**What the exercise asks:**
With pictures left out, retype the lines from the start of the records through the one that contains "We need to do".

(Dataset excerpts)
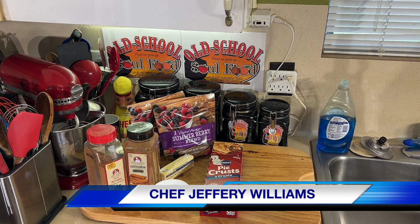Hello, my old school soulful family! Chef Jeffrey back with another video. Y'all know I love me some cobblers, and I'm going to make something different — something I've never made before. I'm going to make a summer blend berry cobbler. I got these berries at Central Market: raspberries, blackberries, and strawberries — three of my favorite berries all blended together in one.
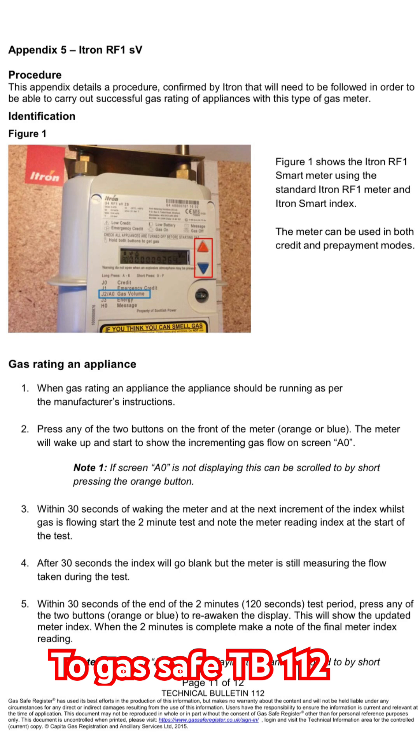We need to do our two-minute test. After 30 seconds the index will go blank, but the meter will still be measuring the flow taken during the test.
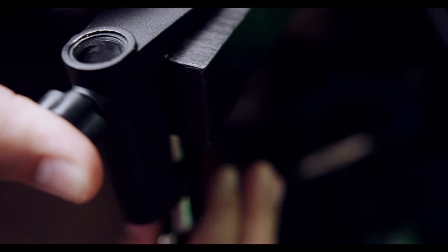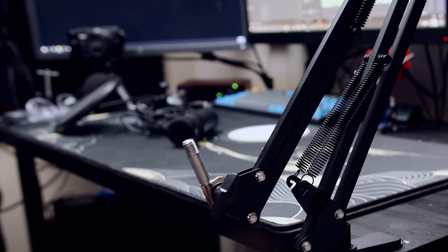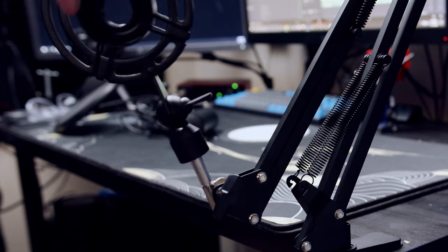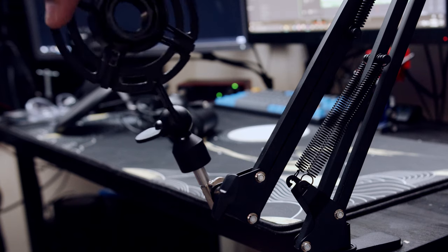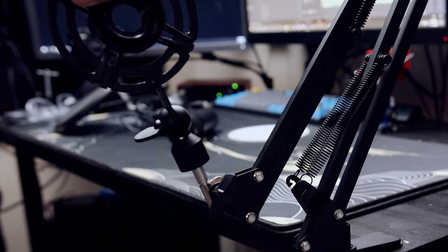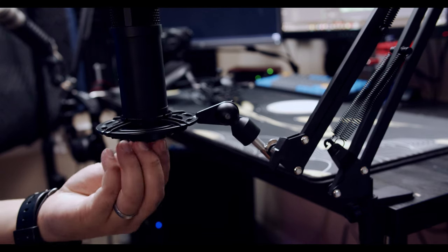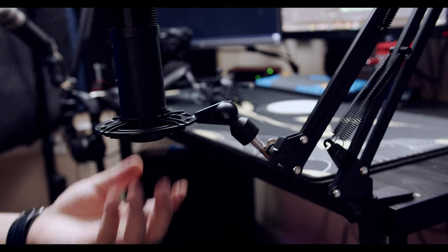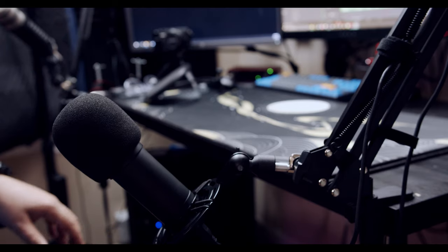First, what you want to do is go ahead and mount your desk mount onto your desk. Place the boom arm into the desk mount. Once the boom arm is placed into the desk mount, you're able to go ahead and twist on the shock mount to the boom arm, which is pretty simple using the threads that are already there. Once the shock mount is mounted onto the boom arm, you're able to screw in the microphone into the threads of the shock mount. You can go ahead and plug in your USB from your PC to your microphone. After all of that is done, you want to go ahead and mount your pop filter — either the foam or the clamp-mounted pop filter — onto your microphone boom arm, and you're all set to start recording your voice and audio.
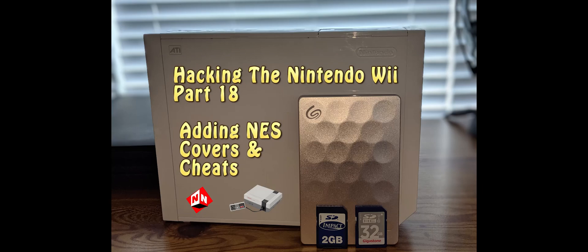Welcome back to No-Nonsense Reviews and How-To's. Hacking the Nintendo Wii, Part 18. Today I'm going to show you how to add NES covers and cheats. Let's get started.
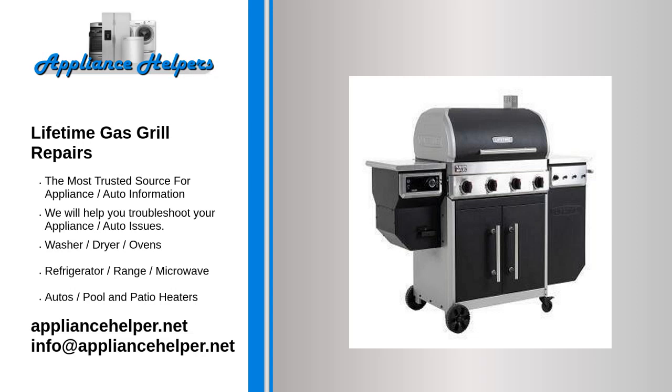If you're looking for help fixing your Lifetime Gas Grill, look no further. Our comprehensive Lifetime Gas Grill Repair Guide will explain common issues, provide tips, and maybe show you how to repair your appliance.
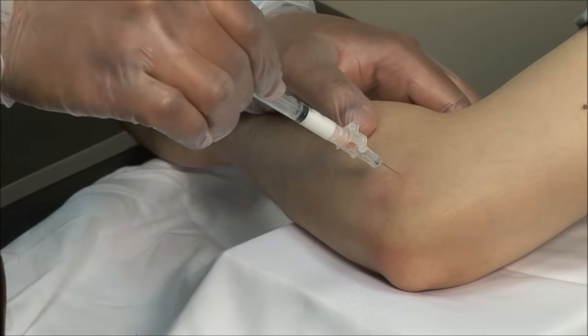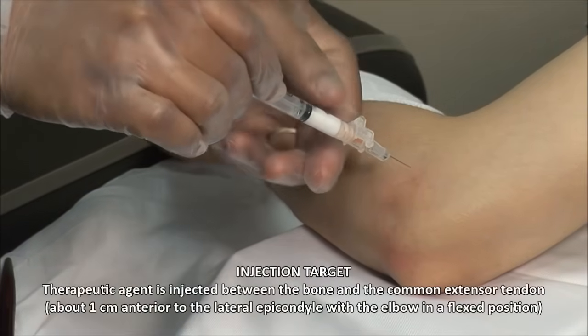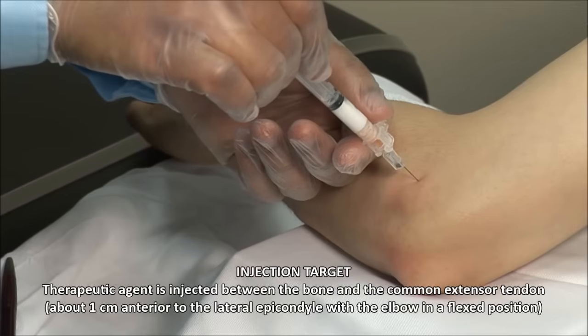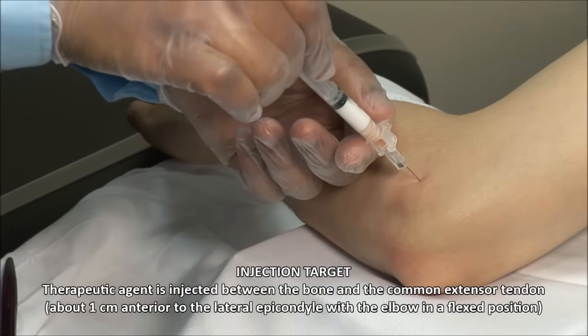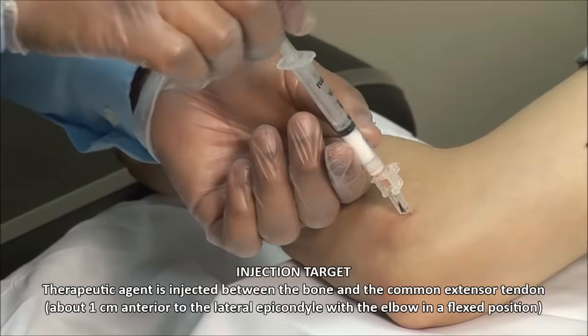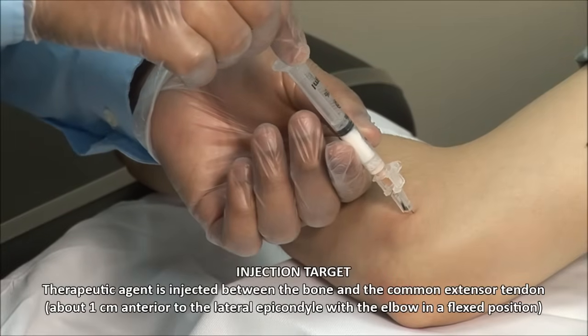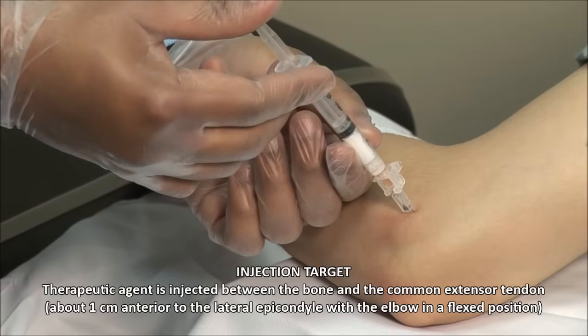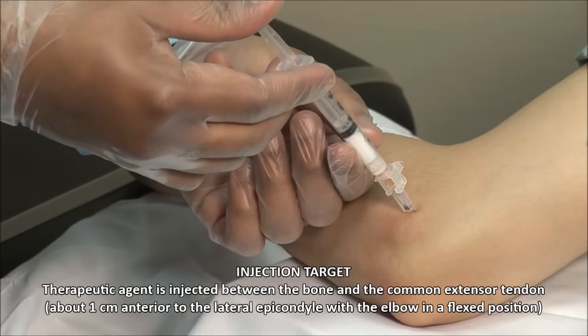Using your mark, advance the needle down to bone, and then withdraw just a little. Always aspirate to ensure you are not in a blood vessel. Then inject the solution. This should go in fairly freely.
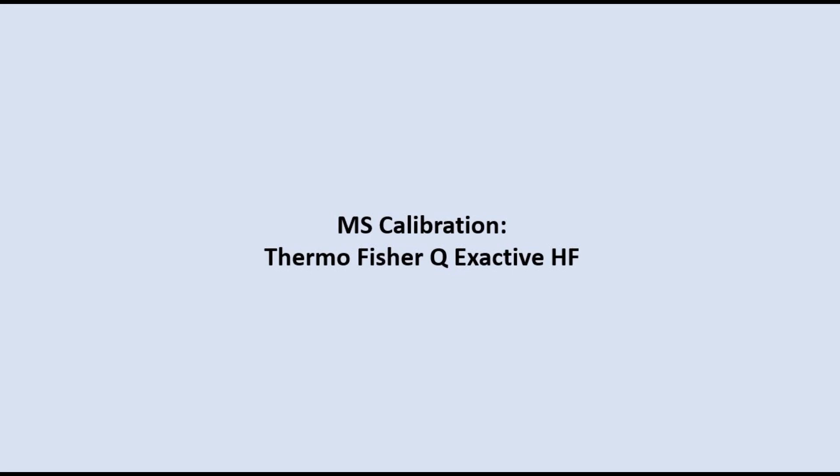Hello everybody. Today we would like to show you how to calibrate an MS system using our Thermo Fisher QX Active HF system. The frequency in which you should calibrate your system depends on the type of MS system you are using. In this video we are only referring to the mass calibration of the MS system.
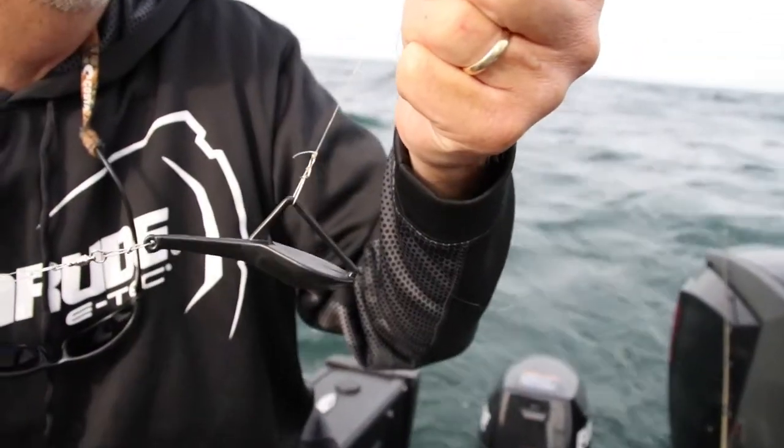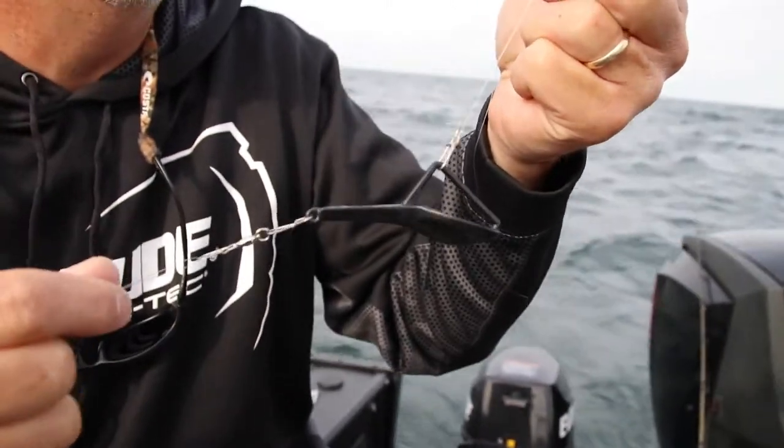You've got to have some way to get it down. They don't dive on their own, so what we're doing is taking our crawler harness — which is about 60 inches long — and attaching it to this diving planer here. This diver is called a tadpole diver, and I have it in my hands.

**Answer space:**
Hello, my old school soulful family! Chef Jeffrey back with another video. Y'all know I love me some cobblers, and I'm going to make something different — something I've never made before. I'm going to make a summer blend berry cobbler. I got these berries at Central Market: raspberries, blackberries, and strawberries — three of my favorite berries all blended together in one.
We need to do our two-minute test. After 30 seconds the index will go blank, but the meter will still be measuring the flow taken during the test.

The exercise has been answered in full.